# Source data
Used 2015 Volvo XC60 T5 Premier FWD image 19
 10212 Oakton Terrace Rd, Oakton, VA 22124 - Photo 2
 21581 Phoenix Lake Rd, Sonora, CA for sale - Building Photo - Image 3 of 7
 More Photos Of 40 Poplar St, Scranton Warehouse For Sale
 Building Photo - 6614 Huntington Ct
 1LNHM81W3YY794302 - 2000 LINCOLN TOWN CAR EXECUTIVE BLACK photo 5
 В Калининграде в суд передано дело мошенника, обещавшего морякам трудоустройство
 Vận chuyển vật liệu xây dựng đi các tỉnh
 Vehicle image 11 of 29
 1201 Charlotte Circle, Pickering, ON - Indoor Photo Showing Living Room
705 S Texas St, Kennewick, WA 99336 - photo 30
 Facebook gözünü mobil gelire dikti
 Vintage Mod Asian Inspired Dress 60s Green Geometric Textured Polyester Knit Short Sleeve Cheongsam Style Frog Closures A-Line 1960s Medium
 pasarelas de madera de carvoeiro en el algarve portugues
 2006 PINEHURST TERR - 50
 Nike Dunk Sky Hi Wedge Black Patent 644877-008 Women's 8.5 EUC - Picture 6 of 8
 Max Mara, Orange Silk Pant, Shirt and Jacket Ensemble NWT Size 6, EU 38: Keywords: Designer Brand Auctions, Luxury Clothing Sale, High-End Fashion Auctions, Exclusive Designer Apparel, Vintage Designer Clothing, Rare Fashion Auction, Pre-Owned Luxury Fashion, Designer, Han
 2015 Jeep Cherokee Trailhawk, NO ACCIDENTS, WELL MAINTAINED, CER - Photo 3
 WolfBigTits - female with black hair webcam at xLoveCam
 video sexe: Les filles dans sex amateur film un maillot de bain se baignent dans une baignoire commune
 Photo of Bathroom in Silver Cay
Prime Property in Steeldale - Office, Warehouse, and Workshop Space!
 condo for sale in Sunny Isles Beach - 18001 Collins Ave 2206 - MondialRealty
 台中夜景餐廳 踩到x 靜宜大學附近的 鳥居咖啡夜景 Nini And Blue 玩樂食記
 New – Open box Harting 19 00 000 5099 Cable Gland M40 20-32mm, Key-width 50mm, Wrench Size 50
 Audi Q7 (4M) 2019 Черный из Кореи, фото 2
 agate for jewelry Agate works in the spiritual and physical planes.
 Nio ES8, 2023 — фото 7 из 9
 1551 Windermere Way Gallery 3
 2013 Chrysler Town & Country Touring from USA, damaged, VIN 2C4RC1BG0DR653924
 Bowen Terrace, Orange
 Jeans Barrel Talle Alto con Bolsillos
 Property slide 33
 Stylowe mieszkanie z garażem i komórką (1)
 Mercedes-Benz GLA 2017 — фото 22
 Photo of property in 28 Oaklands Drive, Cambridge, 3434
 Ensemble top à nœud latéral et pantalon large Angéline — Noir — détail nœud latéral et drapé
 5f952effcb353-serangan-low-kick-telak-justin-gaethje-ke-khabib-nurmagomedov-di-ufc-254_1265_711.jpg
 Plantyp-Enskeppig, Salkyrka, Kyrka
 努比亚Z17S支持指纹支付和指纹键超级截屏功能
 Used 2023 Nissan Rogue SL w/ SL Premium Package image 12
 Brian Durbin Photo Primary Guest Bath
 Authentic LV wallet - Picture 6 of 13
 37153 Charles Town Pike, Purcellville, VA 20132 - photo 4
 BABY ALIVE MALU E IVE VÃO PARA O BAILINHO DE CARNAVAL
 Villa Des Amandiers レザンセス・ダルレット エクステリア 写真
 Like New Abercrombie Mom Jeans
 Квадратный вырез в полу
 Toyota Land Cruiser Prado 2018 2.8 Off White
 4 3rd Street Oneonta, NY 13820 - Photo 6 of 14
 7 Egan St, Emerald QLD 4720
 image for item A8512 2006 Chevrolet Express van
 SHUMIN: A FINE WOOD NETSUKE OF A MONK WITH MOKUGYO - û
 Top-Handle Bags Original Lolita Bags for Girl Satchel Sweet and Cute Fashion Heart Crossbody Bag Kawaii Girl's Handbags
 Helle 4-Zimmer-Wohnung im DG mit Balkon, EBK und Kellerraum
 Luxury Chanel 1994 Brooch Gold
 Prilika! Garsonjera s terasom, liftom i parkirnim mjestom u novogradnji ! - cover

# Task details
Please transcribe only the lines in the records above running from the line that has "1551 Windermere Way Gallery 3" through the line that has "Photo of property", both included, exactly as they appear.

# Result below
 1551 Windermere Way Gallery 3
 2013 Chrysler Town & Country Touring from USA, damaged, VIN 2C4RC1BG0DR653924
 Bowen Terrace, Orange
 Jeans Barrel Talle Alto con Bolsillos
 Property slide 33
 Stylowe mieszkanie z garażem i komórką (1)
 Mercedes-Benz GLA 2017 — фото 22
 Photo of property in 28 Oaklands Drive, Cambridge, 3434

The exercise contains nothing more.